Here’s the thing: the actual location of your story doesn’t matter. It’s how you ‘transport’ your reader to such an unusual location that matters. If you can set your story against a thrilling, unfamiliar or exotic backdrop, you will certainly excite the reader’s imagination and enhance the quality of your story. The following is an explanation of how to find a suitable setting for your story and suitable examples.
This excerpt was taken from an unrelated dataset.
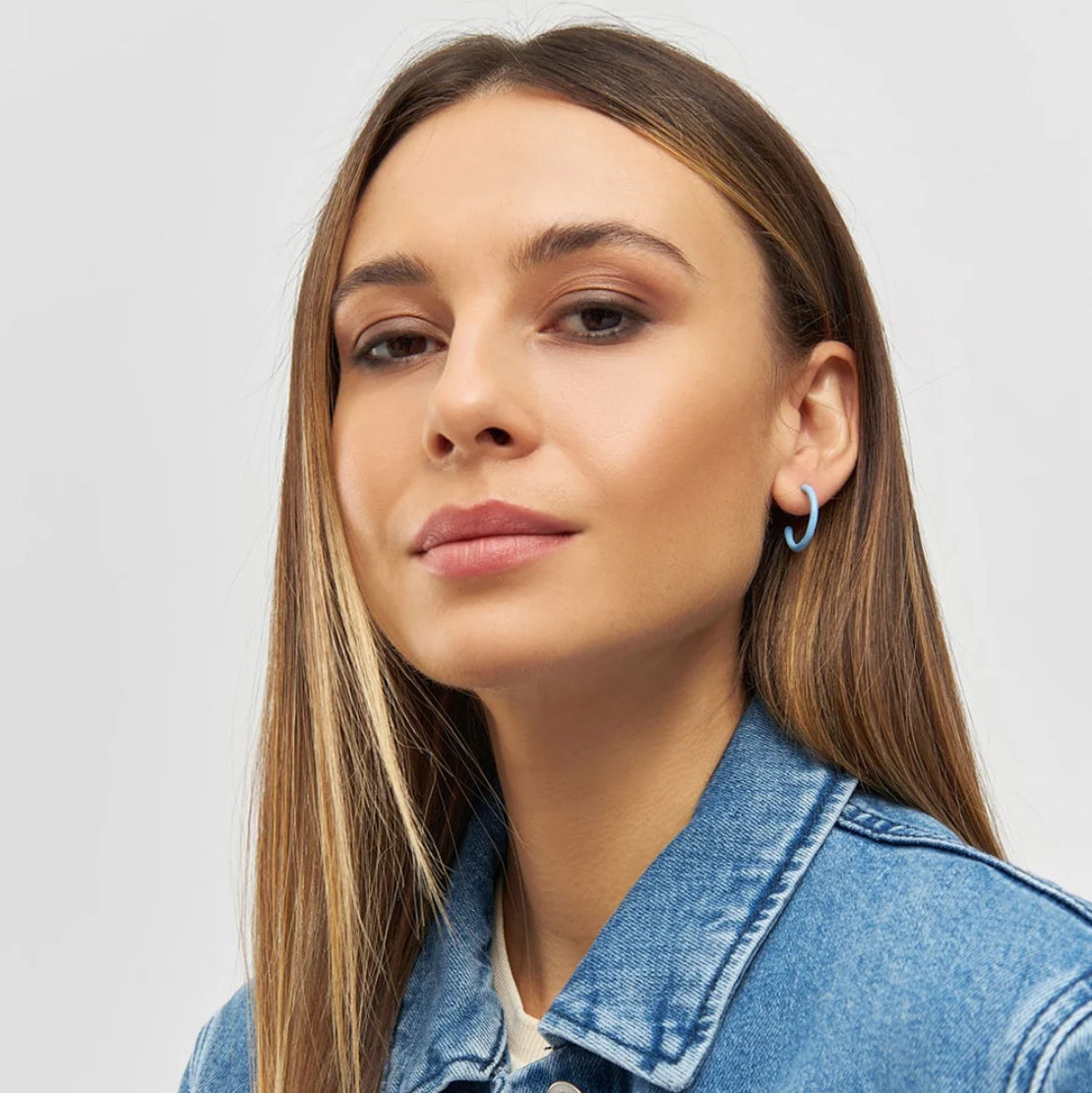 Creolen, Color Hoops Medium Paar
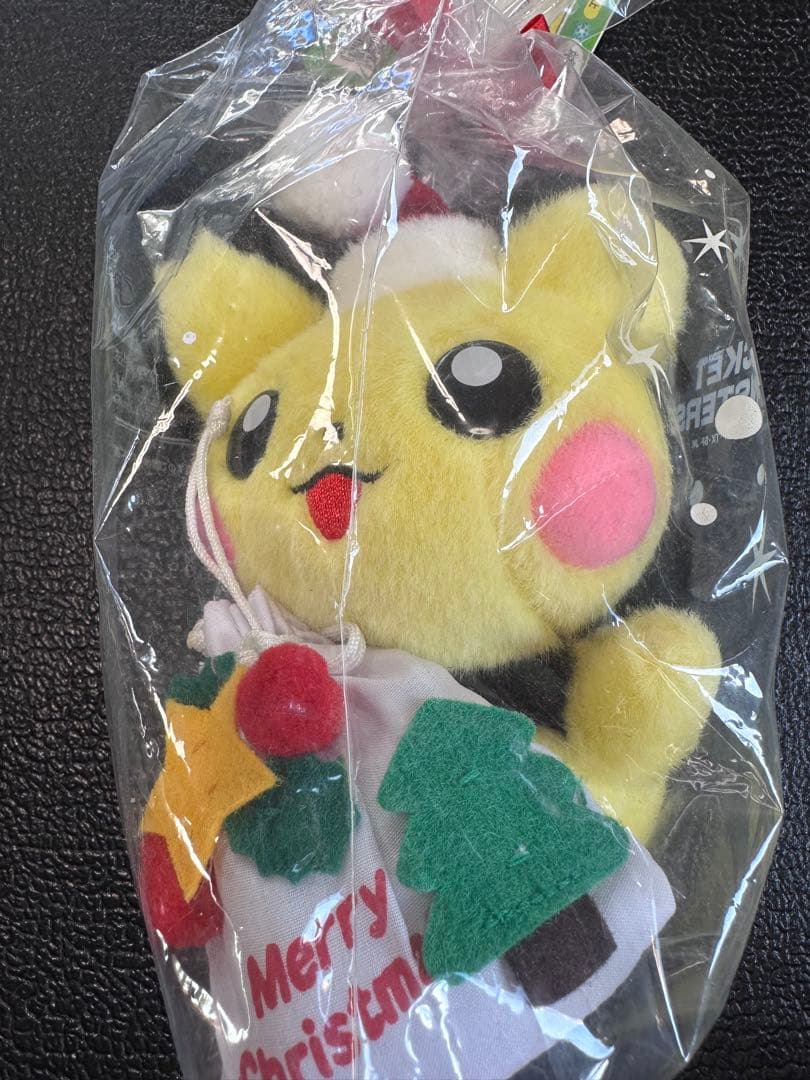ポケモンサンタ TOMY 2000ピチュー タグ　袋付き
Finding a suitable setting
Your aim should be to create a setting that reflects the mood of your story. For instance, if the theme of your story is about a group of people trapped in small and frustrated lives, make sure that the world you create for them is one that is confined and restricted. It should be a world where rules and conventions keep them hemmed in. If your setting is more bizarre and unusual, readers are more likely to accept spooky and surreal events happening there.

A fresh perspective 
Even if you choose a fairly normal setting, readers expect you to show unusual aspects of such a routine world. For example, if you set your story in the suburbs, it does not have to be dull. Instead, show us what really goes on behind respectable suburban lives. Readers love to read about the scandals, crime and illicit romances in such apparently ‘boring’ places.
A word of caution: although you need to describe your setting, do not overwhelm your readers with a travelogue. Instead, feed the details of your setting into the text appropriately.

Examples of suitable settings
The following are three examples of settings for novels.

1. Menacing
You can use a menacing setting when dealing with office politics or a case of conflict within the family. The setting should be edgy and hostile; it can be anything from a desolate desert, icy terrain, towering mountain ranges and crashing seas to city boardrooms and prison walls. The idea is that you are placed in a situation that is unfamiliar and unsuited to your nature. This increases the conflict in the plot and makes the reader wonder if you will ever succeed.

2. Glamour
Everyone fantasises about the world of the rich and famous. If you move in such circles, then set a story in a palace or mansion. Explain what it’s like to rub shoulders with people who lead a jet-set life. I’m not saying that everything must be wonderful in this world. For example, a book like ‘Some Girls: My Life in Harem’ by Jillian Lauren, is an autobiographical account of one woman’s experiences when she stayed as the guest of the Sultan of Brunei between 1992 and 1995. The subject matter and drama of her story aside, Lauren’s description of the lavish and extraordinary palace made it fascinating to read.

3. Power
When you choose to have a setting that is powerful, the idea is to create one that is dynamic and where important decisions are made. For instance, company boardrooms, secret government departments, courtrooms, exclusive clubs, and casinos are all places where people of influence wield power and things can become dangerous in an instant.

Ultimately, you should always keep in mind that however exotic or exciting your setting is, it is, primarily, the backdrop of your story. The detailed care and attention you give to creating an appropriate setting for your story will be appreciated by everyone.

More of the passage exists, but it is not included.